Os projetos incluídos numa seleção inicial serão expostos na Cité de l'Architecture et du Patrimoine, o museu arquitetônico de Paris onde Sarkozy primeiro pediu uma revisão arquitetônica "ousada" da cidade, em setembro de 2007.

O britânico Richard Rogers, que nos anos 1970 criou o Centro Pompidou, um dos atuais marcos de Paris; Antoine Grumbach, arquiteto francês que quer ligar Paris a Le Havre, na costa Atlântica, e Roland Castro, que visualiza um novo centro empresarial erguido numa ilha artificial no rio Sena, apresentaram seus projetos.

Os projetos possibilitariam a Sarkozy dotar Paris do tipo de "Grands Travaux", ou grandes obras, tão apreciadas por presidentes passados, como François Mitterrand, patrono de monumentos como a nova Biblioteca Nacional e a pirâmide de vidro do Louvre.

Mas os planos estão sendo impulsionados pelas urgentes restrições econômicas, ambientais e demográficas que pesam sobre Paris e a região circunvizinha de Île de France.

ANEL RODOVIÁRIO

Confinada dentro do anel rodoviário conhecido como "peripherique", a cidade de Paris tem pouco mais de 2 milhões de habitantes, contra cerca de 7,5 milhões da Grande Londres, e a pressão para fundir-se com as áreas periféricas vem crescendo sem parar.

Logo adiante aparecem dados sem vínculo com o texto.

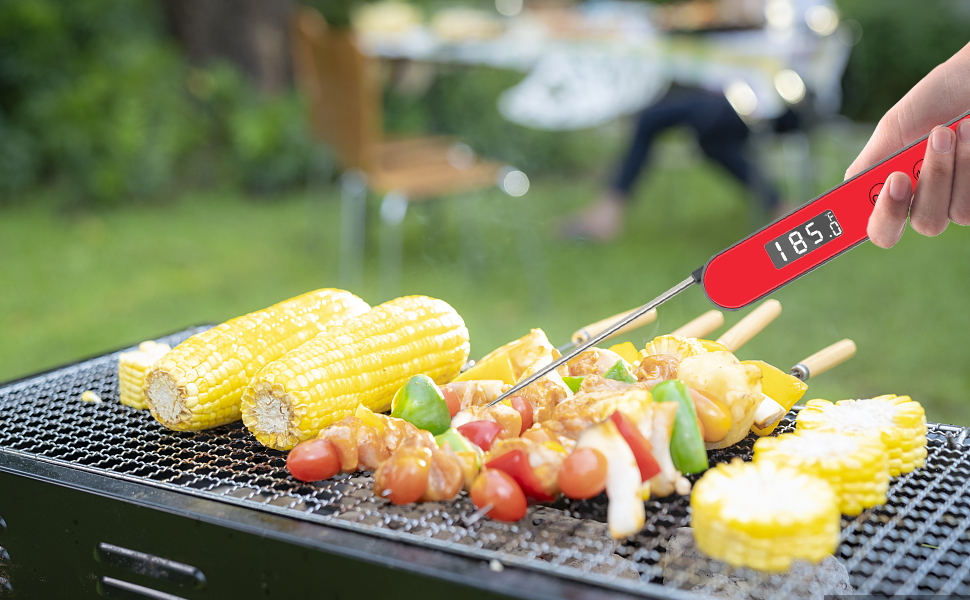 Digital Food Thermometer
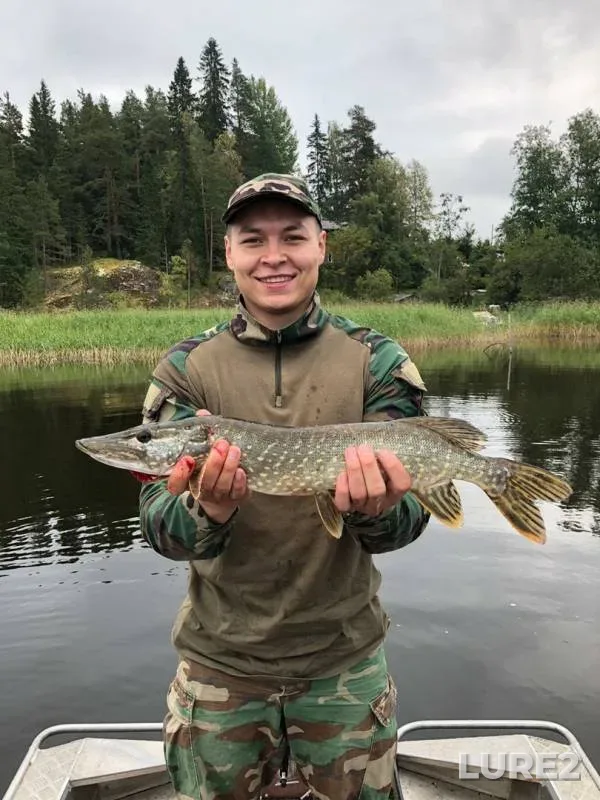 Pike — Respublika Kareliya, Lakhdenpokhskiy rayon, Sep 01, 2019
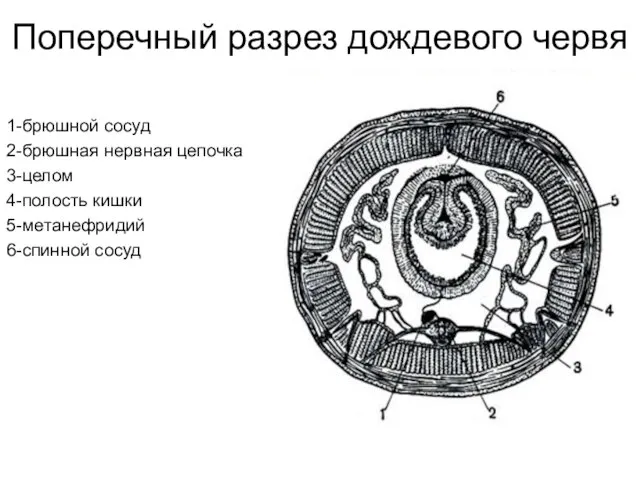 Поперечный разрез дождевого червя 1-брюшной сосуд 2-брюшная нервная цепочка 3-целом 4-полость кишки 5-метанефридий 6-спинной сосуд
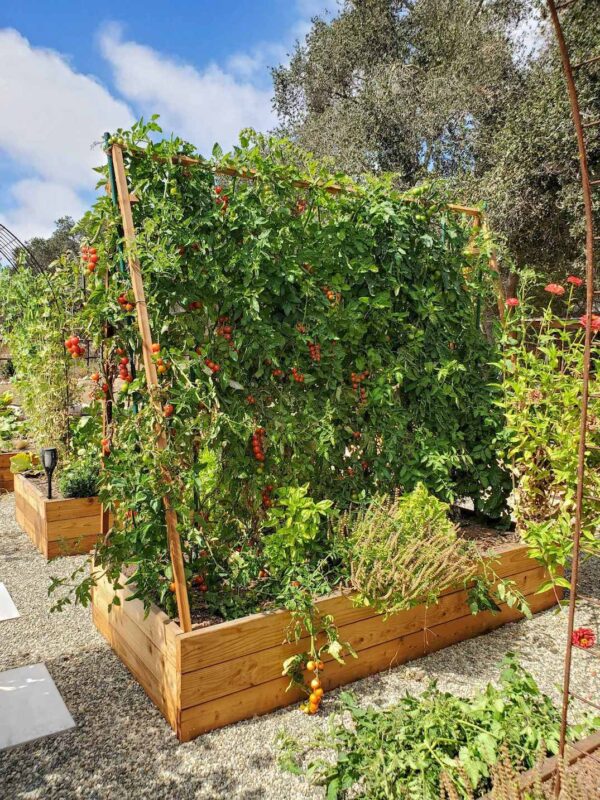 How to Make the Best DIY Tomato Trellis (Stake Weave Hybrid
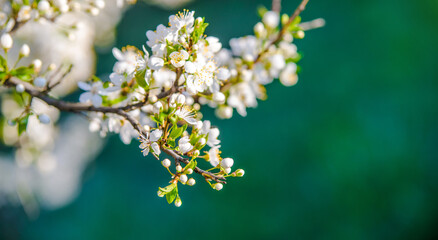 Cherry blossom branch in the garden in spring

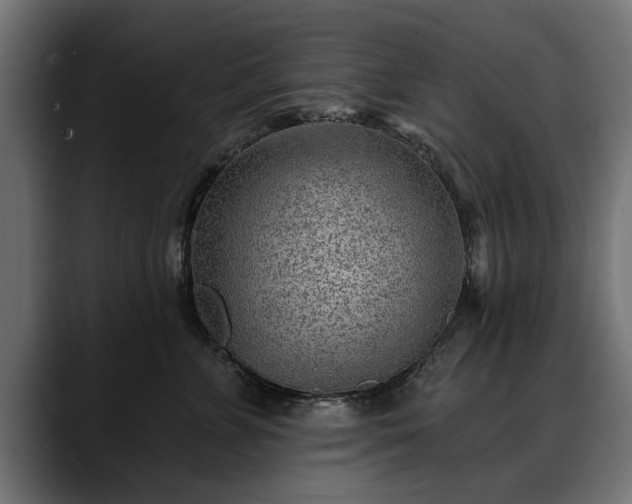 X0000088450715200705291512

A aparência harmoniosa de Paris, protegida por limites rígidos à altura de seus edifícios, garante seu status de uma das cidades mais visitadas e fotografadas do mundo, mas também ameaça convertê-la em um museu vivo.

Cerca de 12 milhões de pessoas vivem na região de Île de France, responsável por 30 por cento do PIB francês, mas onde as ligações de transporte descoordenadas e os recursos mal distribuídos vêm gerando problemas crescentes.

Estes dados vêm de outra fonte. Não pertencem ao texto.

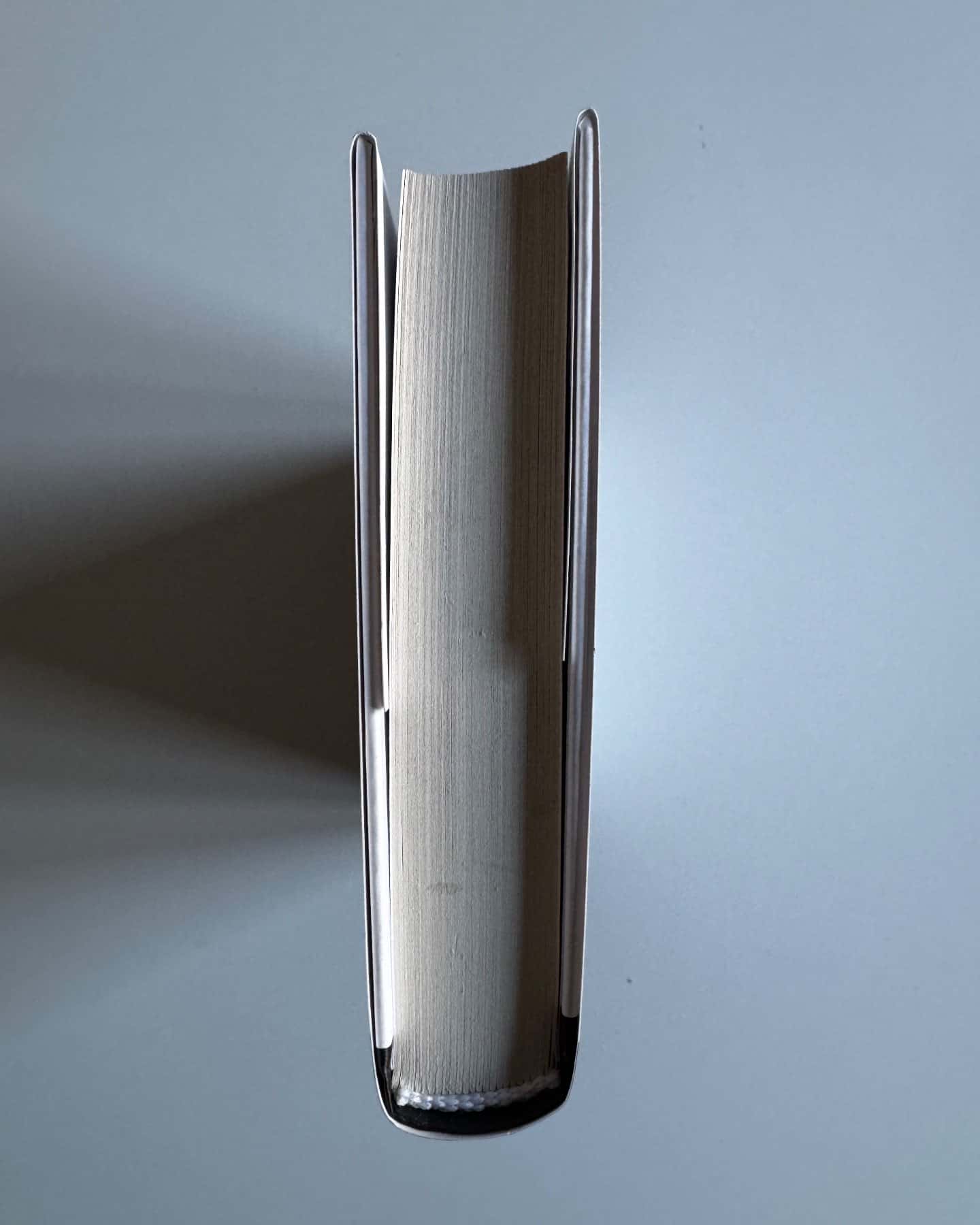 Полумʼяр-Алоїз Принц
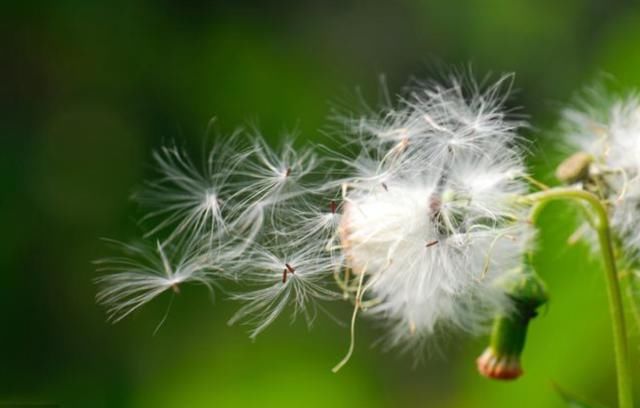  没错@七八十年代喂猪的野草，不是中药材就是野菜，吃过的是土豪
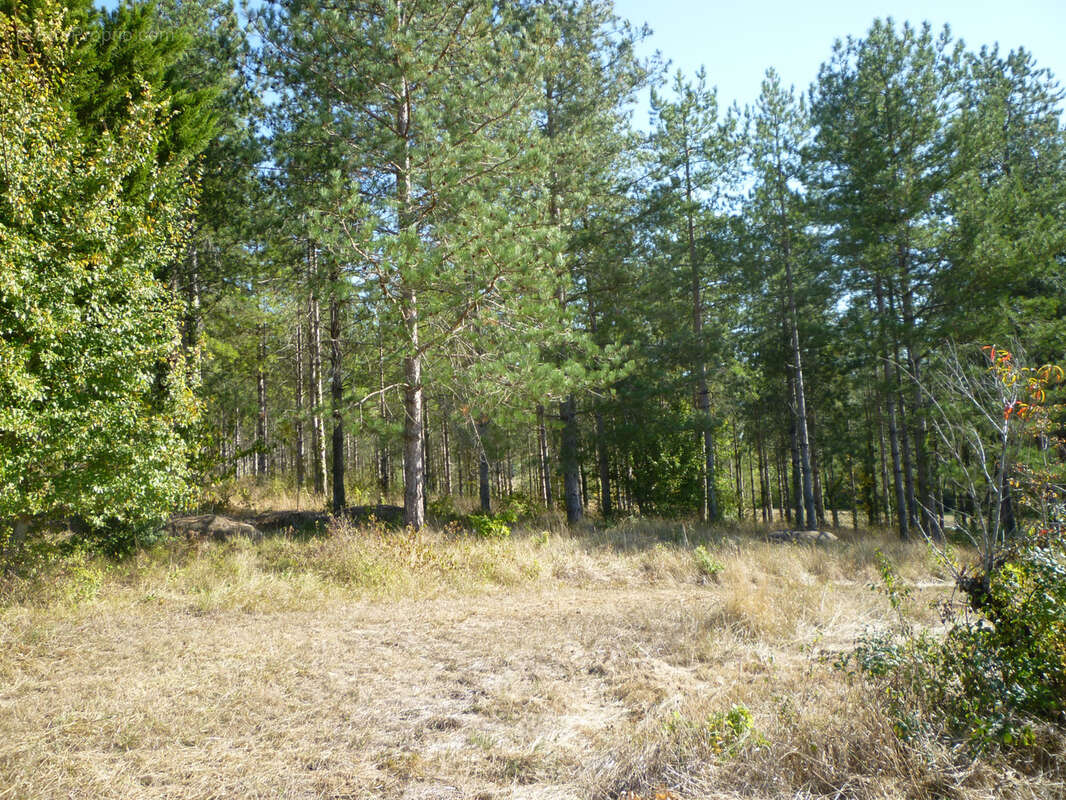 Terrain de loisirs - photo 4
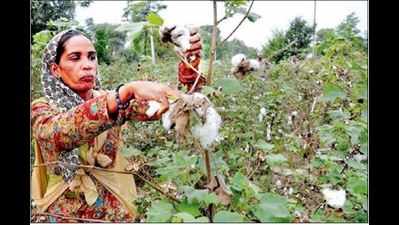 Whitefly-wary cotton farmers switch to water guzzling paddy
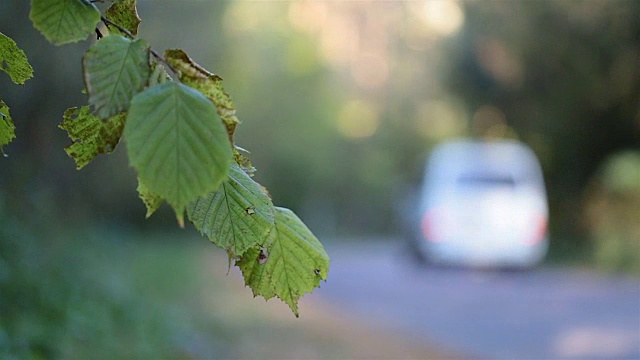 小货车沿着森林道路行驶。视频素材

Entre os planos apresentados estão uma ligação ferroviária subterrânea não tripulada entre centros empresariais futuros e estações ferroviárias centrais, aeroportos e uma nova rede de metrô, com a qual, até 2020, estariam garantidas as ligações da atual cidade de Paris com seus subúrbios.

Além do custo, porém, estimado em cerca de 20 bilhões de euros (26,03 bilhões de dólares), o projeto exigiria a superação de rivalidades políticas de longa data entre autoridades nacionais, municipais e regionais --uma dificuldade que já derrotou esforços anteriores de reurbanização.